This set of utilities shows how we can speed up traditional
POSIX filesystem workloads by using the power of parallel processing,
particularly in distributed filesystems where a single-threaded workload
often cannot fully exploit the available hardware.
To improve common utilities,
such as tar xf, cp -r, rsync -r, rm -rf, and many more,
we can exploit the fact that the user does not care
what order the files are processed,
as long as they are all processed when the command completes.
Furthermore, filesystems don't care whether you access files
in parallel or in series,
subject to directory existence constraints. Utilities are:
- parallel-rm-rf.py - delete directory tree by parallel subdirectory removal
- parallel-untar.py - unpack a tar archive in parallel
Subdirectories are assembled recursively starting from leaf directories so that
we can usually delete the directory after we have deleted its contents.
In cases where this is not possible (i.e. thread 1 deleting directory x
while thread 2 has not emptied directory x/y),
we postpone directory deletion and
let the threads processing the subdirectories
climb up the tree and attempt deletion of parent directories.
This climbing process terminates when we reach the top directory or
when we reach a non-empty parent directory.
The first implementation suffered from
the non-parallelized collection of a subdirectory list.
It has been improved by making the subdirectory list collection
concurrent with the removal process,
by continuously feeding directories from the outer edge of the tree
(leaf nodes) to deletion threads,
then their parents, and so on.
This is done using a recursive python generator, like this:
def find_subdirs(d):
entries = os.listdir(d)
for e in entries:
entry_path = os.path.join(d, e)
if (not os.path.islink(entry_path)) and os.path.isdir(entry_path):
for subd in find_subdirs(entry_path):
yield subd
yield d
This utility leverages python tar module to extract from a tar file. Unfortunately we have to read the tar file multiple times to get multiple threads unpacking it, but in cases where there is a small average file size (say < 1 MB), this is not a problem, because overhead of small-file creation far exceeds cost of re-reading the tar archive.

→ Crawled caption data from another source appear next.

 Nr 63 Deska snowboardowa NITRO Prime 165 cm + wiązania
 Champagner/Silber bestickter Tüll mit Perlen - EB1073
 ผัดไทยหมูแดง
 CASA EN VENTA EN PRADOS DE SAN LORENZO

This section is just background info on the problem which this utility and similar software is solving.
Linux utilities such as tar were written up to 40 years ago
and are typically single-threaded.
At this point the risk of breaking existing applications
due to re-engineering of these utilities is far greater
than the perceived benefit of doing so,
since they work fine for non-distributed filesystems.
But there is no reason why we can't implement new utilities that are compatible with
the old utilities' on-disk format, but have the desired parallelism.

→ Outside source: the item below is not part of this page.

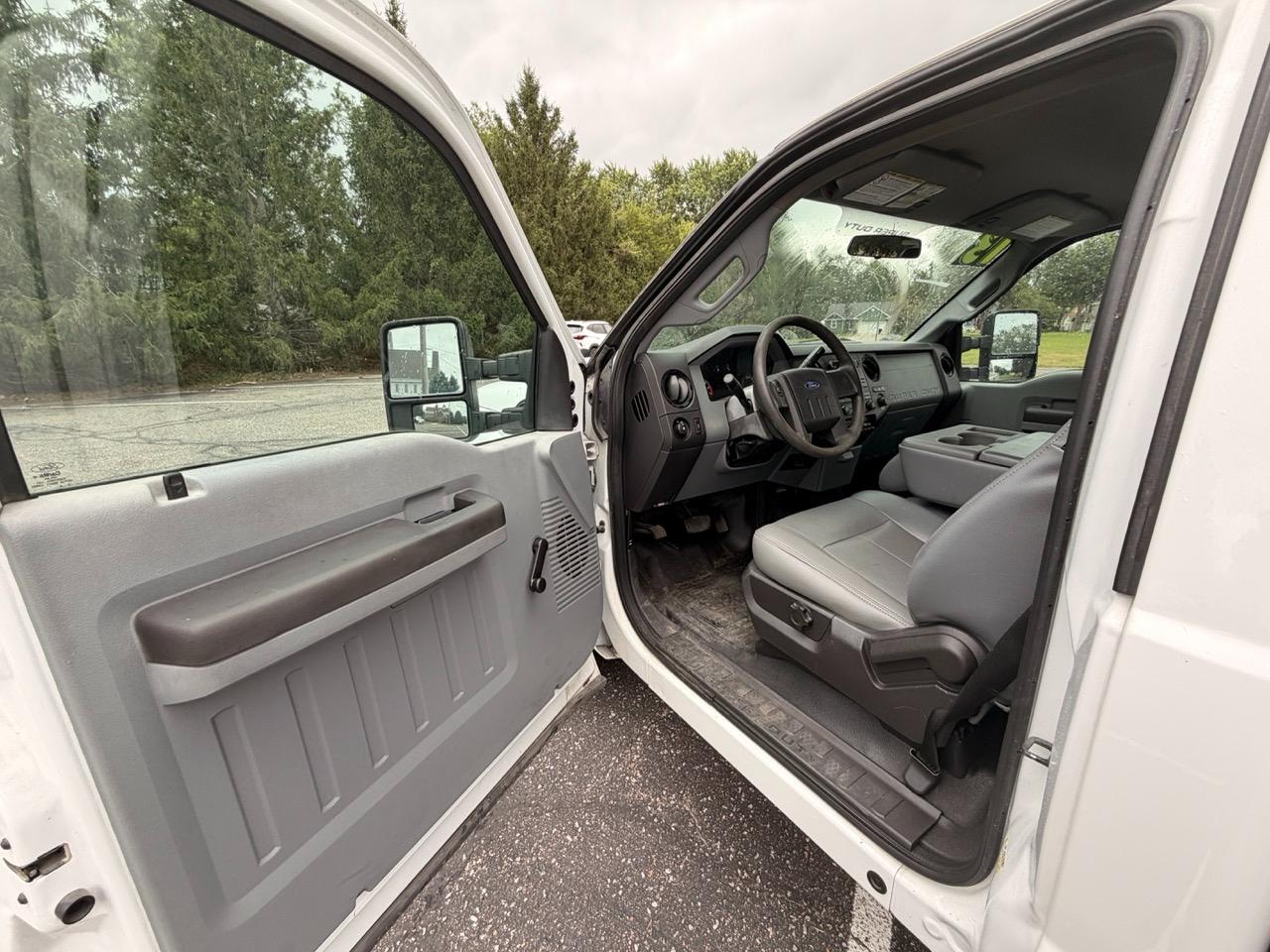 Ford Super Duty F-350 SRW 2WD Reg Cab 137" XLT 2013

So why is single-threadedness an issue at all? Why can't we just use client-side caching?
Linux filesystems are typically POSIX-compliant or attempting to be POSIX compliant.

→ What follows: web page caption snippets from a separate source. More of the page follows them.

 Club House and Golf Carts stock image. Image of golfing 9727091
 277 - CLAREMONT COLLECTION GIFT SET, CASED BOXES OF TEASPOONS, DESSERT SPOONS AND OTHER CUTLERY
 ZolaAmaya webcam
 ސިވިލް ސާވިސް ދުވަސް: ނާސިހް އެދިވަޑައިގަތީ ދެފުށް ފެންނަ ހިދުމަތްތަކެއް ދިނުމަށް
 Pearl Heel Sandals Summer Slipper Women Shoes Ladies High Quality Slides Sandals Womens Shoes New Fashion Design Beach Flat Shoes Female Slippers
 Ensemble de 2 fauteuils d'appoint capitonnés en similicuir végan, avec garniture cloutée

But the POSIX standard mandates certain behavior around
persistence and visibility of metadata changes
such as file creates, deletes and renames.
For a distributed filesystem such as Gluster to implement this behavior,
transactions must be performed between client and server
to commit changes to persistent storage,
and changes have to become visible on all clients.
In some cases, such as a file create, multiple transactions are required.
By the way, One of the attractive features of object storage
is that multiple transactions are NOT required,
but object-store functionality is a subset of POSIX functionality and therefore
existing applications can't always be implemented easily on top of object storage.
We could get rid of this transactional behavior by relaxing POSIX constraints,
but this has consequences to applications.
For example, suppose that we relax the constraint that
the file must persistently exist and be visible to all clients
after the creat() system call completes.
If we relax this rule, then the client can batch creates and
radically improve performance in some cases, but what if
2 clients try to create the same file at the same time?
Unfortunately neither client will return EEXIST to the caller,
but one of the clients will discover at some later time that
it cannot write or do other things to the file because
it was already created by some other client.
There is no reasonable way to tell the the application the bad news at this point,
since a POSIX application does not expect
to get EEXIST back from a write() call or a close() call, for example.
Continuing with our example of creat() system call,
in situations where only one process at a time is accessing a directory,
the client could lock the directory and then rely on the directory contents cached in the client
to process creat() system calls, allowing batching of create requests to the server.
This may well be the best solution.
But the risk here is that if the client crashes,
then the files created up to that point and not sent to the server will not exist.
This could be overcome by allowing the client app to use fsync() on the directory
to control when the files truly become persistent.
However, other clients will not see the files
until the files are committed to the server,
hence violating POSIX semantics again.
Perhaps such a feature would be best done as a mount option,
where the user takes responsibility for ensuring that it is safe
to perform these optimizations for the specific workload being run.